My wife hated the movie, and I don't think many women will like it. It's a man's movie, as most of Mr. Jones' movies are. The appeal is limited to Westerners, I think, because I doubt that anyone seeing this in, say, Indianapolis, or Boston, will have any idea what the hell it's all about, or that such a thing could even be possible. It can. Actually, I'd say that if I read about such a thing happening in the El Paso Times it wouldn't surprise me overly. Nobody ever went jeeping in the Daylight Draw from the Rio Grande up to Sierra Blanca, Texas, without a revolver and a rifle, but how do you explain why that it is to someone who's never been west of the Pecos River?

Well, it's about a man, his friend, the man's anger, the man's outrage over the death of his friend, and the relentless, untiring pursuit of justice, set in an ancient, hostile, horribly beautiful country, surprisingly little disturbed by "civilized" men since the Spanish blundered over it centures ago.
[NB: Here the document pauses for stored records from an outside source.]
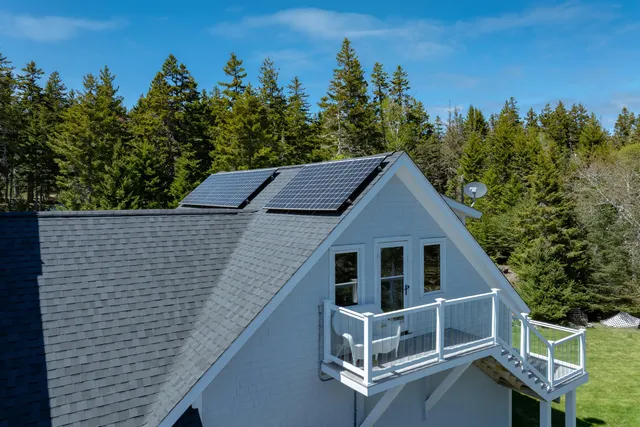 $2,900,000 | 360 Red Point Road, Swans Island, ME 04685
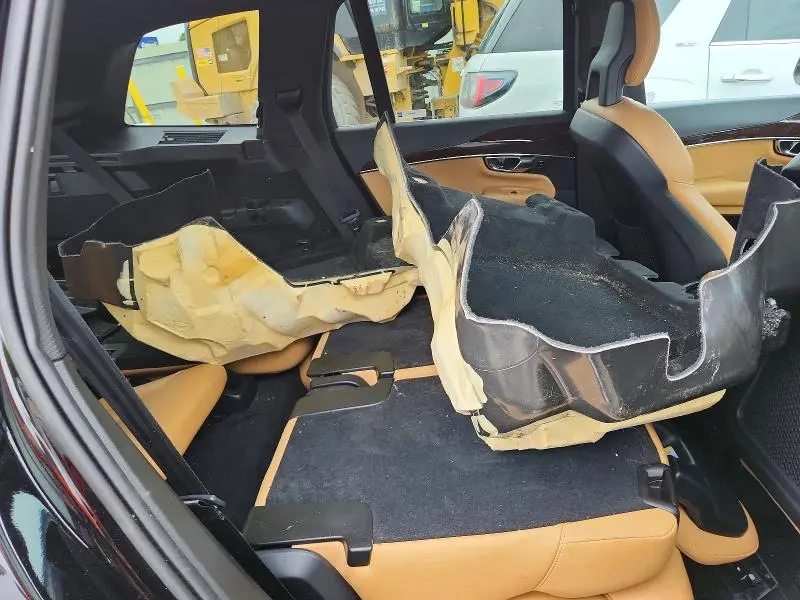 2017 VOLVO XC90 T6  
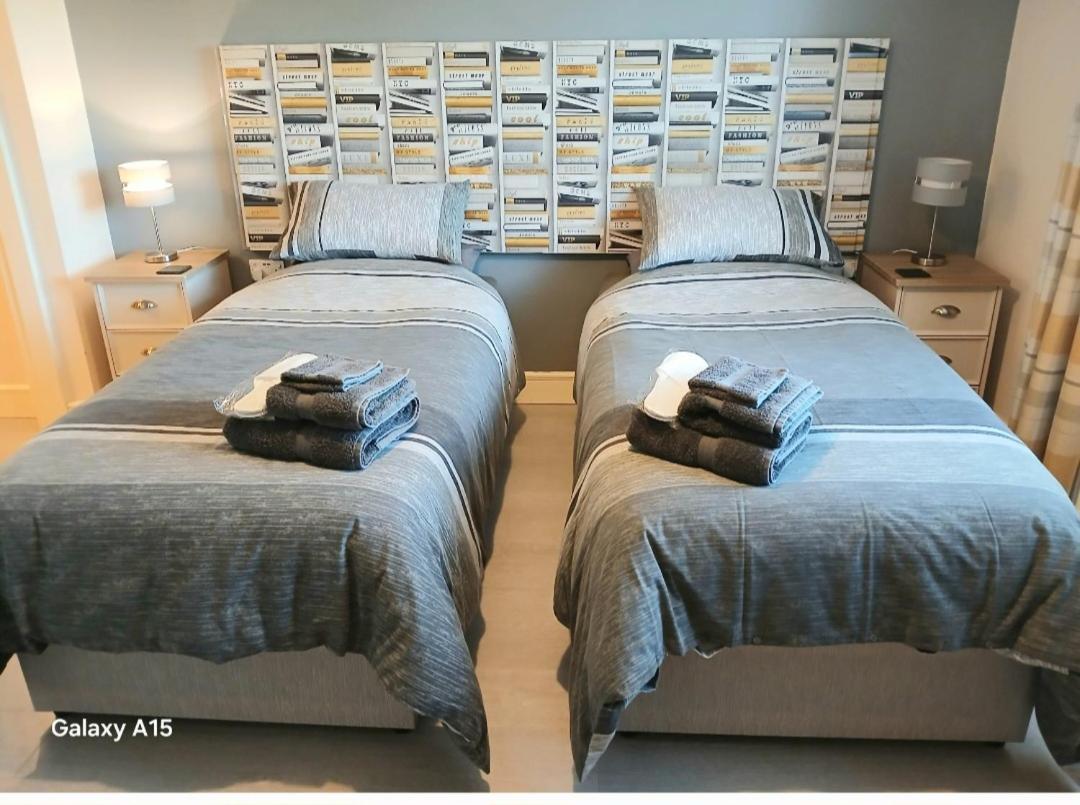 Swift Half Apartment Баликонъл Екстериор снимка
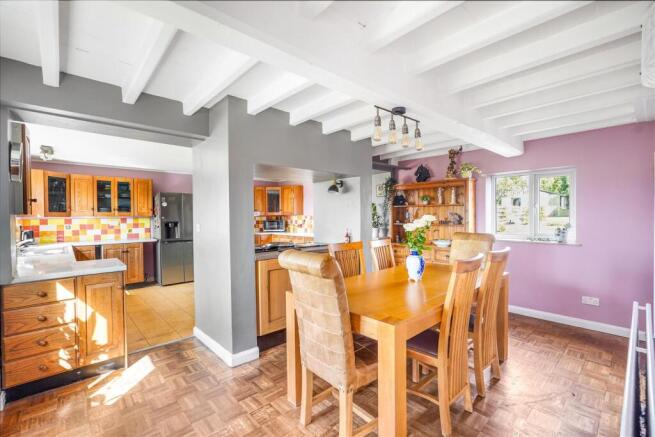 6 bed Smallholding for sale Image 4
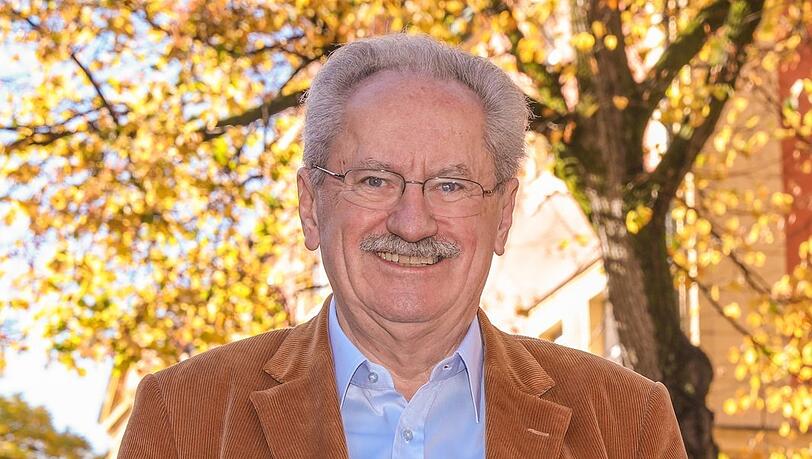 "Erstmal ein Anlass zum Feiern!": Christian Ude kurz vor seinem 75. Geburtstag draußen am Kaiserplatz.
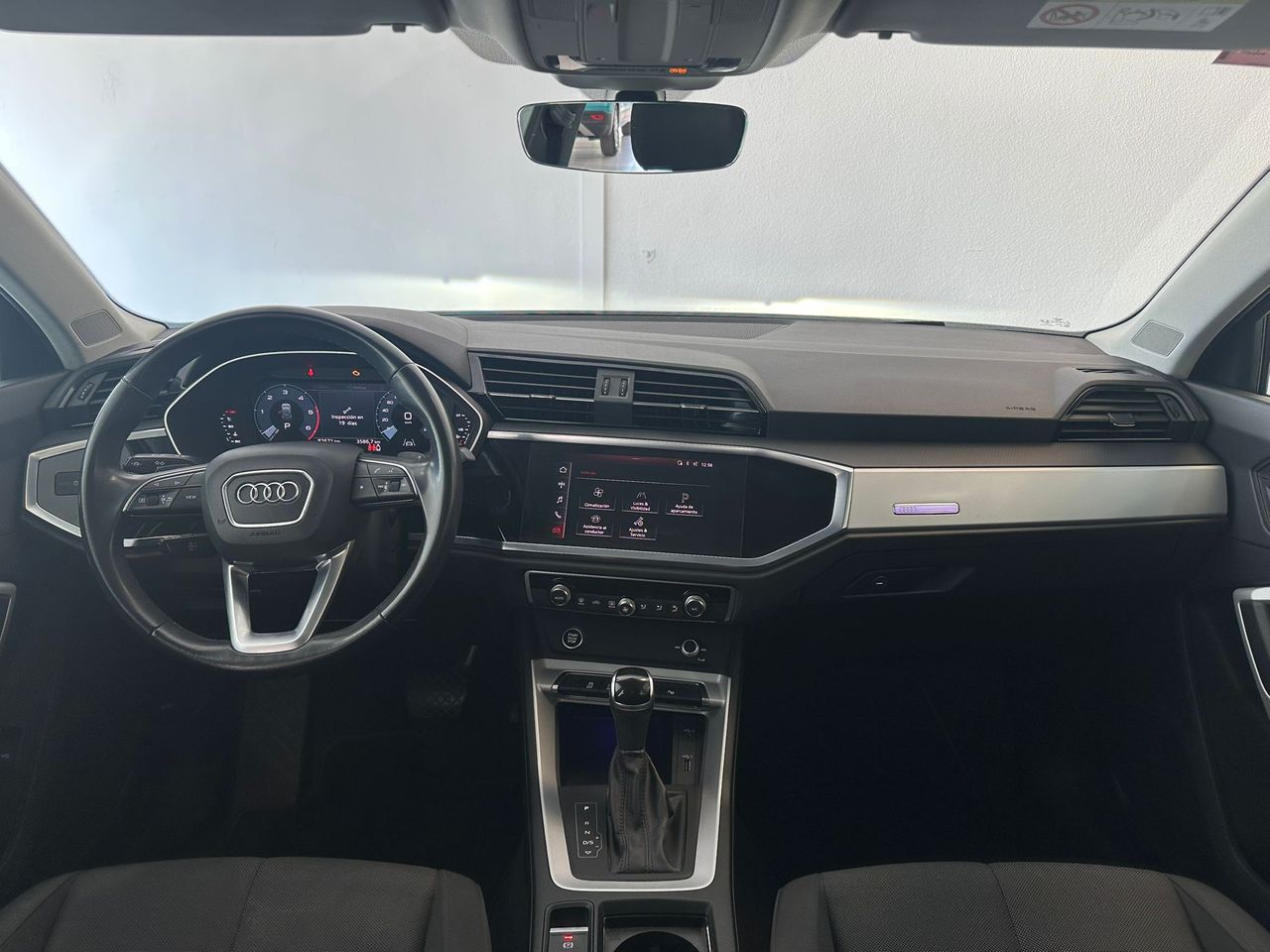 Foto Audi Q3 8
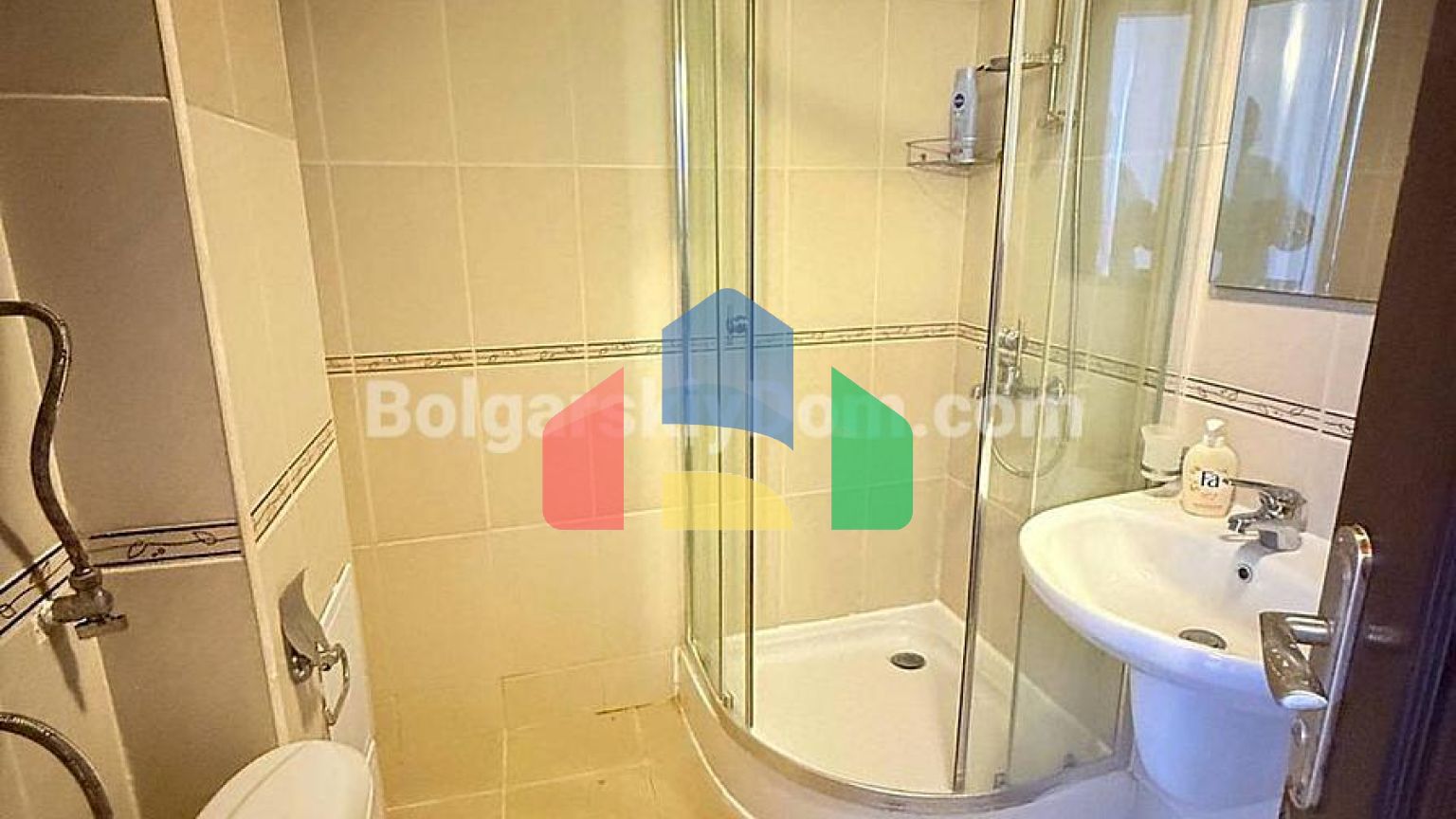 Трикімнатна квартира в Бей В'ю Віллас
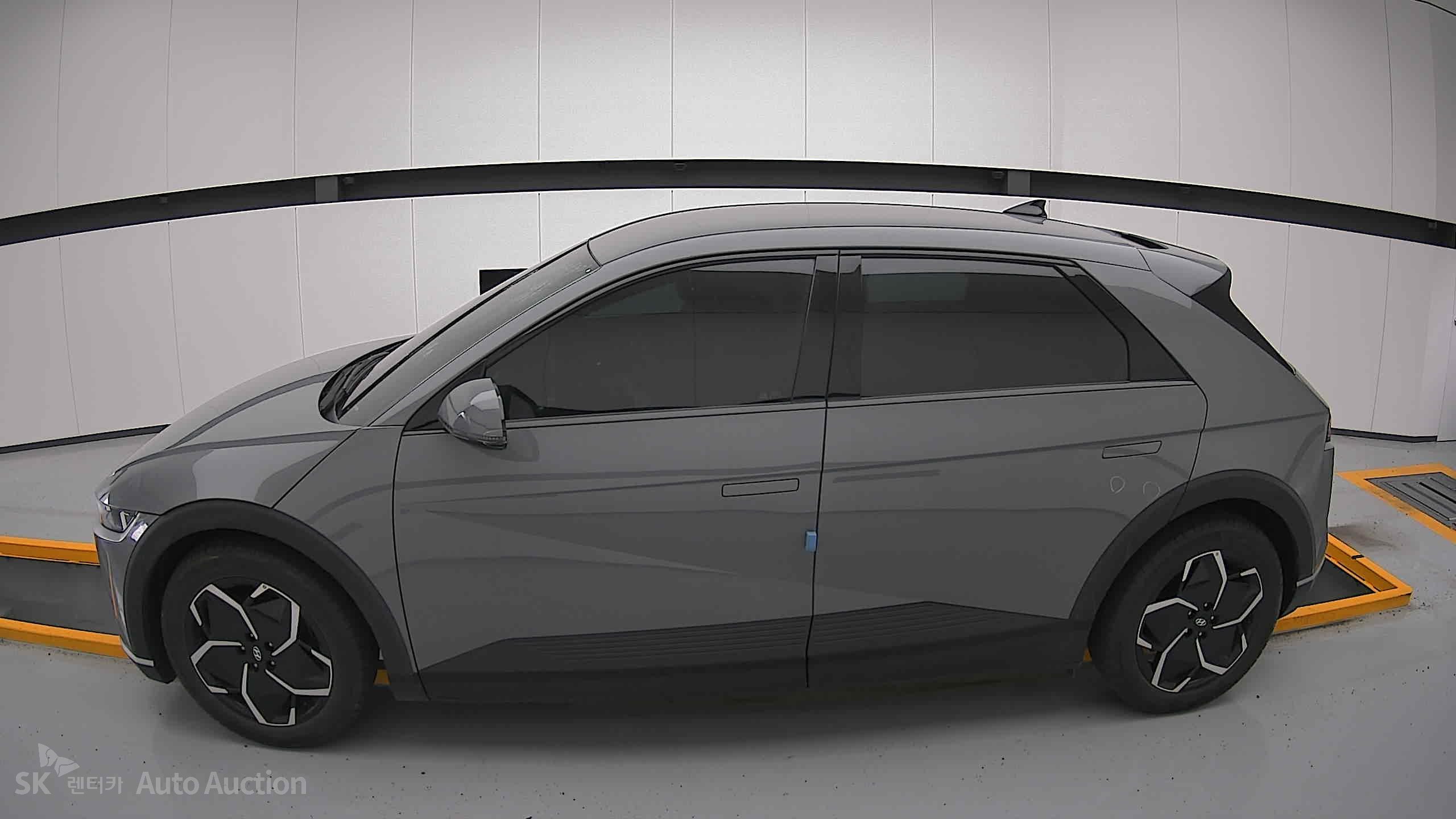 2023 - hyundai ioniq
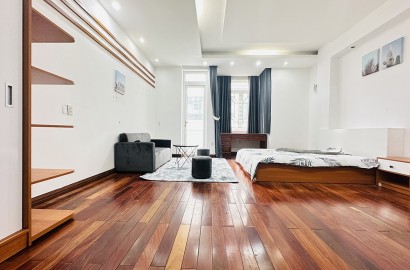 Studio apartment with wooden floor with balcony on Pho Duc Chinh street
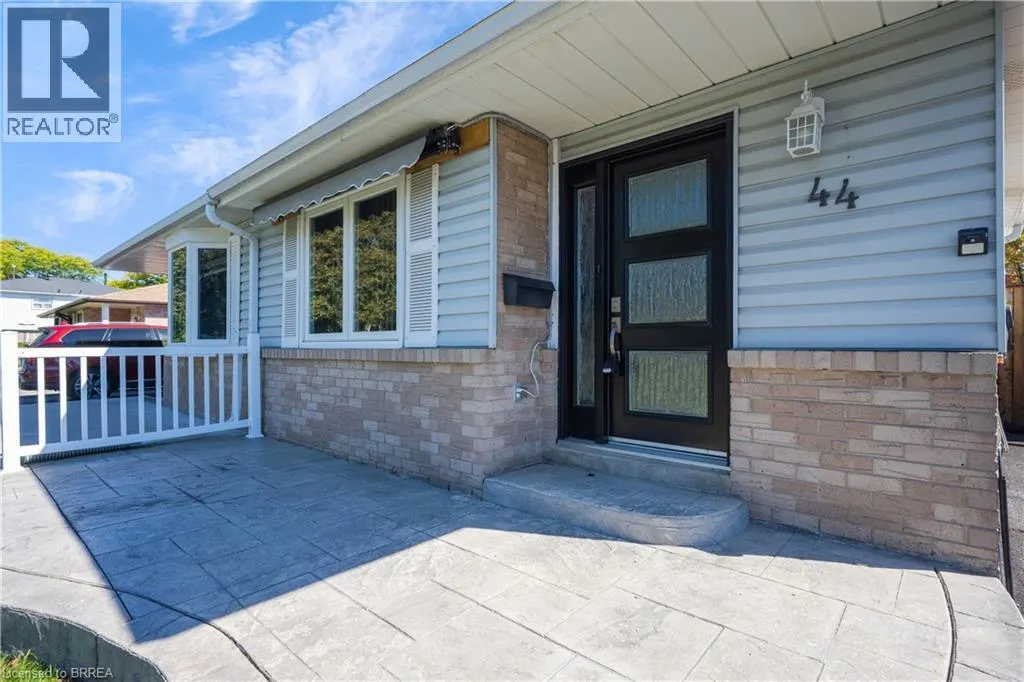 44 MARBLEHEAD Crescent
And it's about indifference, shallow stupidity, crude sex, and the infliction of TV on rural Mexicans. I don't know which is worse... but it seasons the flavor of what you, the viewer, come to see as the utter reality of such a place in this time.

Mr. Pepper's performance is surprising, authentic, and probably more like that of some poor interloper from Indianapolis than anything else. He ought to be nominated for an Academy Award, but he won't be. Tommy Lee Jones really appears as himself, by contrast. Honest, loyal, devoted, hard as flint, and very, very West Texas. Mil gracias, Senior Jones!